Write out the full listing exactly as given, minus the images.

BEGIN ENTRIES PROVIDED

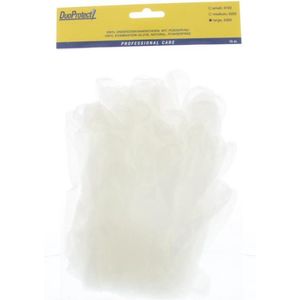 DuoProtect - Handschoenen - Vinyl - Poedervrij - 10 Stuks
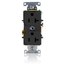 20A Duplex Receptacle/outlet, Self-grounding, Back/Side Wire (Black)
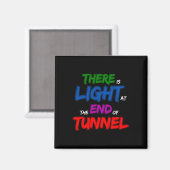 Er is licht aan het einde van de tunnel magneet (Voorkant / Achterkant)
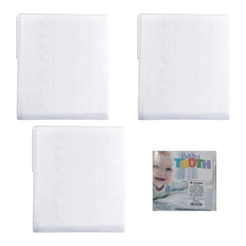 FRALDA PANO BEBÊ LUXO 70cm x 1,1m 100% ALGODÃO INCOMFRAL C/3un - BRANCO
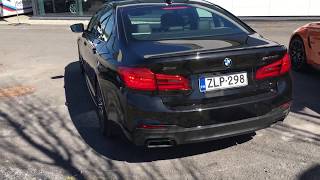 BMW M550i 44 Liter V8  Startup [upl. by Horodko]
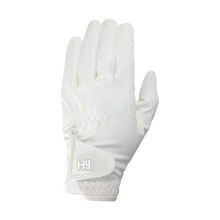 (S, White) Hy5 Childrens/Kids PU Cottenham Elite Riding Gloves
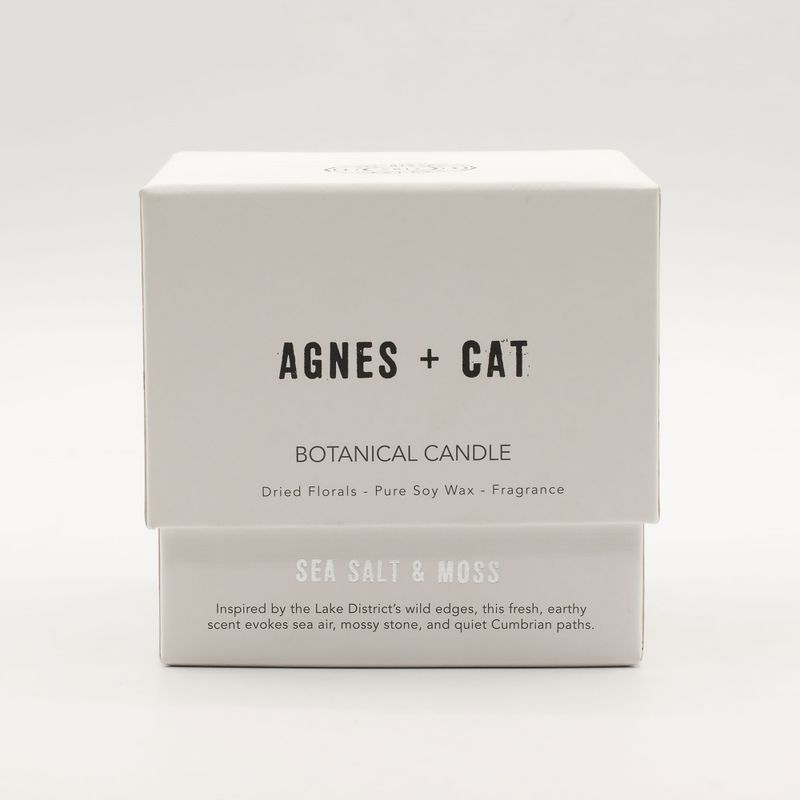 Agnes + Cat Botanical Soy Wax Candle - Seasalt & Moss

END ENTRIES PROVIDED

SOLUTION FOR THIS EXERCISE:
 DuoProtect - Handschoenen - Vinyl - Poedervrij - 10 Stuks
 20A Duplex Receptacle/outlet, Self-grounding, Back/Side Wire (Black)
 Er is licht aan het einde van de tunnel magneet (Voorkant / Achterkant)
 FRALDA PANO BEBÊ LUXO 70cm x 1,1m 100% ALGODÃO INCOMFRAL C/3un - BRANCO
 BMW M550i 44 Liter V8  Startup [upl. by Horodko]
 (S, White) Hy5 Childrens/Kids PU Cottenham Elite Riding Gloves
 Agnes + Cat Botanical Soy Wax Candle - Seasalt & Moss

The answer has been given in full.